- Born: 20 December 1901 Bailo, Huesca, Kingdom of Spain
- Died: 1939 (aged 37–38) Barcelona, Catalonia, Spain
- Cause of death: Firing squad
- Occupations: Baker, militant
- Organization(s): CNT, Los Solidarios
- Movement: Anarchism

= Rafael Torres Escartín =

(1901–1939) Spanish anarchist militant

Rafael Liberato Torres Escartín (20 December 1901 – 1939) was a Spanish anarchist militant.

== Biography ==
The son of Pedro Torres Marco and Orencia Escartín Villacampa, Rafael was born in the Bailo barracks of Guardia Civil, where his father was stationed.

As a student in Huesca, he was introduced to anarchism by the anarchist painter and journalist Ramón Acín. He dropped out of school to become a pastry chef. From 1918 he was a member of Confederación Nacional del Trabajo (CNT), specifically in the food union, and left Huesca to live in Zaragoza.

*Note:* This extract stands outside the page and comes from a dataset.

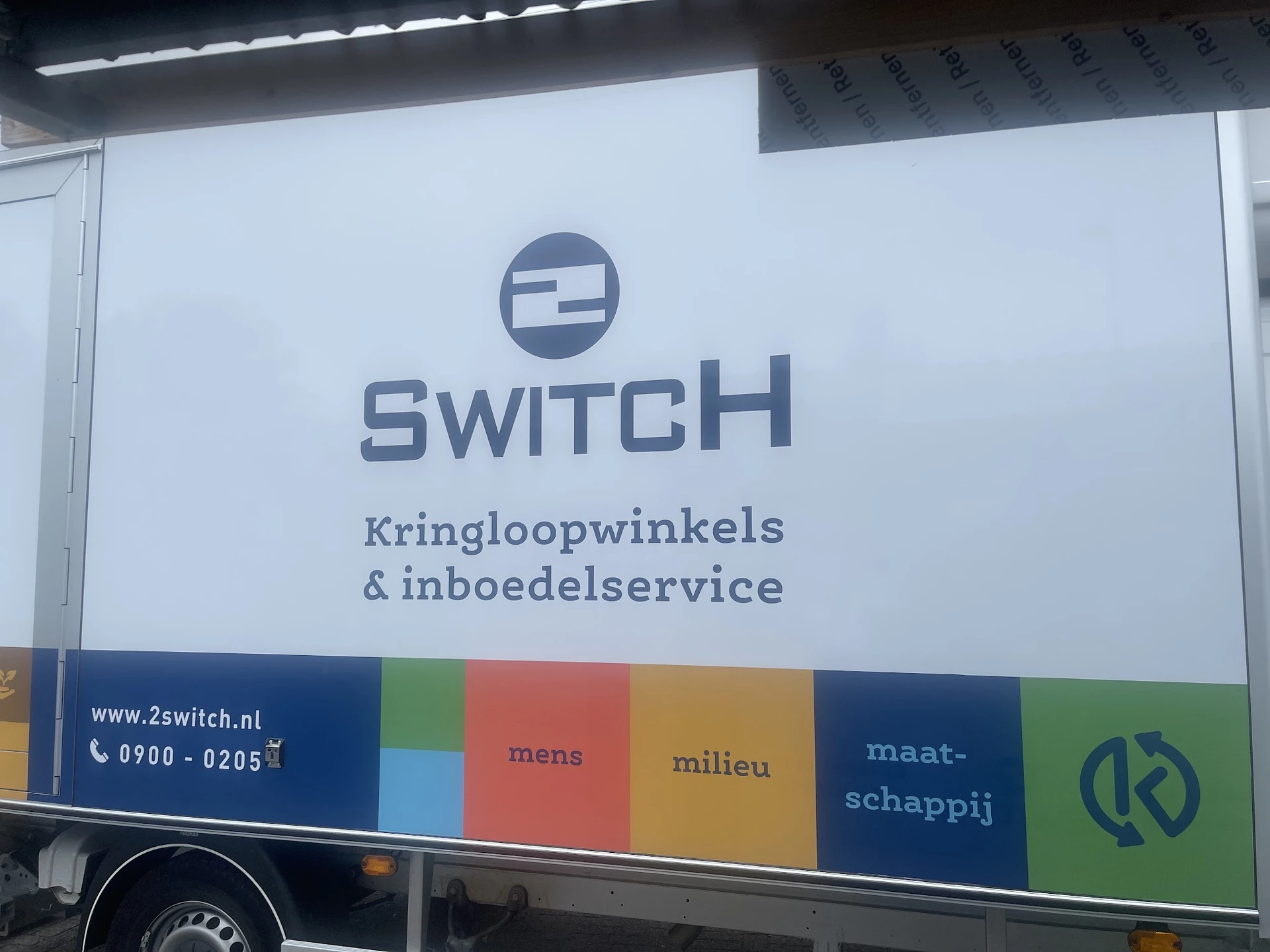 Witte gevel van kringloopwinkel 2Switch met logo en tekst, donkerblauwe band met gekleurde vakken onderaan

In Zaragoza he joined the anarchist group Crisol, that would later be called Los Solidarios, made up of prominent figures in anarchism such as Buenaventura Durruti or Francisco Ascaso. He lived for a while between the Aragonese capital and Barcelona, where he worked at the Ritz Hotel.

In 1923, the group Los Solidarios affirmed that Cardinal Juan Soldevila y Romero, the civil governor of Barcelona Severiano Martínez Anido and the minister of the interior Gabino Bugallal Araújo had ordered the assassination of trade union leader Salvador Seguí in Barcelona on 10 March that year. With this conviction, they decided to assassinate the Cardinal Archbishop of Zaragoza. On 4 June, Rafael Torres Escartín, together with Francisco Ascaso, assassinated the cardinal with twenty shots in his car, leaving his driver seriously injured.

Although at first he managed to flee from the police, Torres Escartín was arrested during a robbery at the Bank of Spain in Gijón and despite the fact that he managed to escape again, he was again arrested and sentenced to death. As a result, Torres Escartín went mad during his stay in the Santoña prison, and his sentence was commuted to an insane asylum in Reus in 1931. Despite his mental state, Rafael was executed by a firing squad at the end of the Spanish Civil War in 1939.